7 września oczy fanów technologii z całego świata były zwrócone na San Francisco, kiedy to Apple pokazało najnowszą wersję swojego flagowego smartfona – iPhone’a 7. Nie wszyscy pamiętają jednak, że to komputery przyniosły sławę firmie z Cupertino. A ten segment Apple ostatnimi czasy trochę zabiedbał – ostatnie większe zmiany w MacBookach producent wprowadził w kwietniu 2015 r., kiedy to 12-calowa wersja laptopa została wzbogacona o szybszy procesor i była dostępna w nowej wersji kolorystycznej.
Hasło nadchodzącej konferencji Apple to „Hello again”. Jest ono nawiązaniem do pierwszego komputera Mac, który ujrzał światło dzienne w 1984 r. Jego premierze towarzyszyło właśnie hasło „hello”.

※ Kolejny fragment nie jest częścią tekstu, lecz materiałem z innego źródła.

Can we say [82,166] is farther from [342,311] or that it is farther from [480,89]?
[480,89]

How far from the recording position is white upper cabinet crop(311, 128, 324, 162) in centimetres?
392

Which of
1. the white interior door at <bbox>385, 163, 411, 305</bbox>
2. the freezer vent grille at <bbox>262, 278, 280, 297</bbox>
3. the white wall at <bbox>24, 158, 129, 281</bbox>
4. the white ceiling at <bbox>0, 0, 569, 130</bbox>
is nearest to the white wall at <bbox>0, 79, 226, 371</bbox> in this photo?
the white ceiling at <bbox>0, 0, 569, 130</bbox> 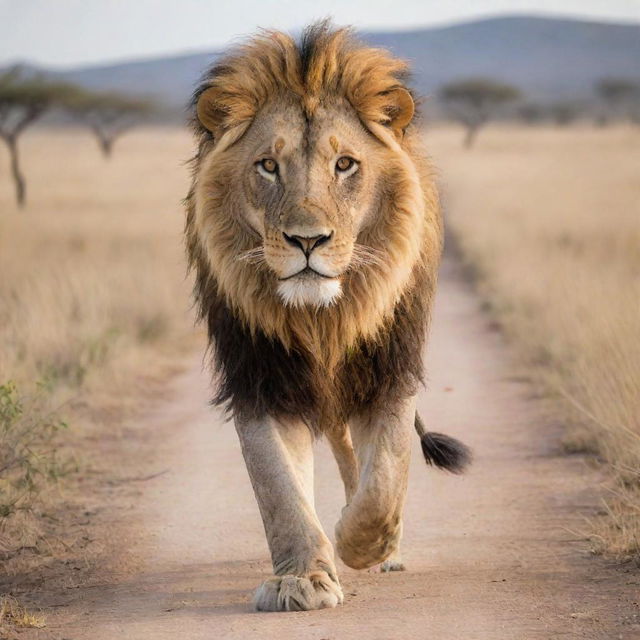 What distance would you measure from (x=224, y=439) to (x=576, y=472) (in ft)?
6.43

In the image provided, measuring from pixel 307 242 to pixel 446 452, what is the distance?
1.67 meters

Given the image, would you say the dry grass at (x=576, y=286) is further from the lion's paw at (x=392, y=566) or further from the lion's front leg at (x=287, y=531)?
the lion's front leg at (x=287, y=531)

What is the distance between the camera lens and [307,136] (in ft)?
13.3

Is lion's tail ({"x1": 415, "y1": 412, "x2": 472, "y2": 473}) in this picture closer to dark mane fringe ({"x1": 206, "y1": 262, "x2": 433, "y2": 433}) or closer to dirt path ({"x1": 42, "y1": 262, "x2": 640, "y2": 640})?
dirt path ({"x1": 42, "y1": 262, "x2": 640, "y2": 640})

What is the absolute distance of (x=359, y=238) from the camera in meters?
4.10

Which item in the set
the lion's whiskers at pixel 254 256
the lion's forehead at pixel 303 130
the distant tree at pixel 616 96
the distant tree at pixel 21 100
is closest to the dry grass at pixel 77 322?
the lion's whiskers at pixel 254 256

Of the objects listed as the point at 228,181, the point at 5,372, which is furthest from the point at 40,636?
the point at 5,372

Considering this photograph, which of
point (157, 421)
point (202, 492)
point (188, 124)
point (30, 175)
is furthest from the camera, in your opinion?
point (30, 175)

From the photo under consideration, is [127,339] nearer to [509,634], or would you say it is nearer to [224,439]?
[224,439]

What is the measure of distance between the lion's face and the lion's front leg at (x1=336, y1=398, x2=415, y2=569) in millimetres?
514

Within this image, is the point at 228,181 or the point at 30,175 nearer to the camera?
the point at 228,181

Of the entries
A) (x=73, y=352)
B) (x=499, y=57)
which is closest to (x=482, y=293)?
(x=73, y=352)

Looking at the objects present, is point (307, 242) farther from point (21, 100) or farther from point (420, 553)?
point (21, 100)

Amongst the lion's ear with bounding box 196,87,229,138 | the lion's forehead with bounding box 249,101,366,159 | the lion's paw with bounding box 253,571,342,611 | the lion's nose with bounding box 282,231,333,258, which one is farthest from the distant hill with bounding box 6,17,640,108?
the lion's paw with bounding box 253,571,342,611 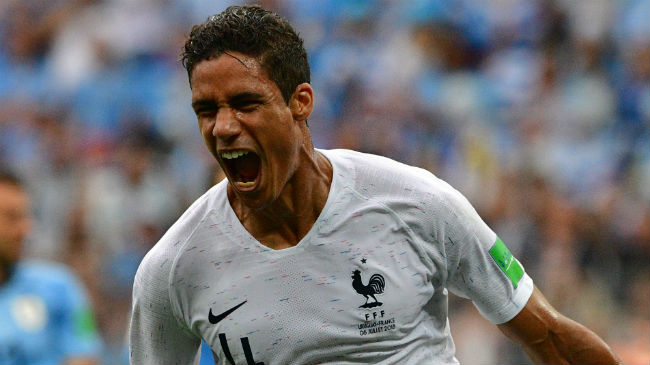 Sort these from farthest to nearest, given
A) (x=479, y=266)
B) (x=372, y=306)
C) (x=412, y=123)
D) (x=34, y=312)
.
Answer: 1. (x=412, y=123)
2. (x=34, y=312)
3. (x=479, y=266)
4. (x=372, y=306)

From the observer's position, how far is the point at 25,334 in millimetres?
5258

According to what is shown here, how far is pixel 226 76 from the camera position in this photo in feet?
9.09

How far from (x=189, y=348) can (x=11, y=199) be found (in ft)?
7.29

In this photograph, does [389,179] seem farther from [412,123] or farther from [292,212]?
[412,123]

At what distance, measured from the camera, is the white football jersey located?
2963 millimetres

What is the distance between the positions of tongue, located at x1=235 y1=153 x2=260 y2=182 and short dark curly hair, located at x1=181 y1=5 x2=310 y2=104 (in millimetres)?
189

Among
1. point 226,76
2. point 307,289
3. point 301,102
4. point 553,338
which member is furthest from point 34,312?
point 553,338

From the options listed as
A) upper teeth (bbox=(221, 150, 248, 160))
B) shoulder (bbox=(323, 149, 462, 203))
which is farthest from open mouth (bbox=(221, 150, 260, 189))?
shoulder (bbox=(323, 149, 462, 203))

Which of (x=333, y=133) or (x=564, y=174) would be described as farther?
(x=333, y=133)

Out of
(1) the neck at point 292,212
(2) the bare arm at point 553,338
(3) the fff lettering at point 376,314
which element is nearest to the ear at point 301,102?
(1) the neck at point 292,212

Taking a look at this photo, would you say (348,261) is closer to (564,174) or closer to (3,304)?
(3,304)

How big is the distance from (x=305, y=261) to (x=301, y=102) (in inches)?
17.8

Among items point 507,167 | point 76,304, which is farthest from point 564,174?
point 76,304

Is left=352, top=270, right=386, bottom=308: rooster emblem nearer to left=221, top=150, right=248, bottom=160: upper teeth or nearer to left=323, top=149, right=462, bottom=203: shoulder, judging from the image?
left=323, top=149, right=462, bottom=203: shoulder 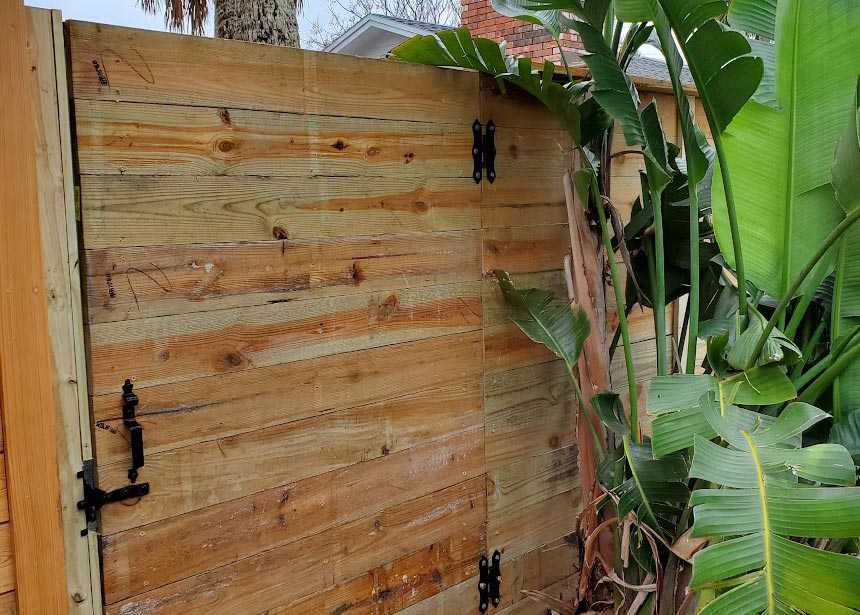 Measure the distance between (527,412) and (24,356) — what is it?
54.9 inches

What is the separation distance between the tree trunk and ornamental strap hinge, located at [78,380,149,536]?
3793mm

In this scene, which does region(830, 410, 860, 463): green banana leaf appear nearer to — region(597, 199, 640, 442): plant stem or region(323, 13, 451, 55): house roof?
region(597, 199, 640, 442): plant stem

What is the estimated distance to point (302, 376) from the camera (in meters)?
1.84

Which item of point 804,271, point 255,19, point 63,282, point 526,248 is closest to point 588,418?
point 526,248

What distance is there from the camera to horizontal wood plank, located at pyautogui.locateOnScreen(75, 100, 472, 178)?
4.97 feet

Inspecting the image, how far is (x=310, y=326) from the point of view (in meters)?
1.84

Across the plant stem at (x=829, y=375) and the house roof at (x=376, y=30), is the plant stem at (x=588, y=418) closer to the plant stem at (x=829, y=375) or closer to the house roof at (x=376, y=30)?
the plant stem at (x=829, y=375)

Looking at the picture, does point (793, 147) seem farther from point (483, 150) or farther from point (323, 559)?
point (323, 559)

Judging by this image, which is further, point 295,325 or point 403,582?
point 403,582

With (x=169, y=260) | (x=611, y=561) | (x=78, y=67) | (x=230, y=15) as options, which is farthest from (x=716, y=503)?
(x=230, y=15)

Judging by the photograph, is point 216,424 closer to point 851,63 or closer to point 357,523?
point 357,523

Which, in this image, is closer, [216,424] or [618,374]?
[216,424]

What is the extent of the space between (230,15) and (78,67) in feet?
12.5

Apple MacBook: co ma się zmienić?
Najczęściej powtarzaną plotką dotyczącą nowych MacBooków jest ta o planowanym usunięciu tradycyjnego portu USB z urządzeń w wersji Pro. Zamiast tego w laptopach pojawi się port USB-C. Zważywszy, że producent łatwo pozbył się gniazda słuchawkowego w iPhone’ie 7, nie można całkowicie odrzucić tej teorii. Mówi się też o dotykowym panelu zastępującym klawisze funkcyjne, którego ustawienia będzie można dostosowywać w zależności od używanej aplikacji. Po raz pierwszy w Makach ma zostać zastosowana znana już z iPhone’ów technologia Touch ID, czyli czytnik linii papilarnych. Obserwatorzy oczekują także, że nowe laptopy Apple’a będą cieńsze i lżejsze. Na konferencji 27 października zadebiutować ma także nowy komputer stacjonarny iMac.
Choć to sprzedaż iPhone’ów odpowiada za większość przychodów Apple’a, dystrybucja komputerów także ma w nich duży udział. W 2015 r. sprzedaż Maków stanowiła 11 proc. zysków firmy i była drugim największym źródłem jej przychodów.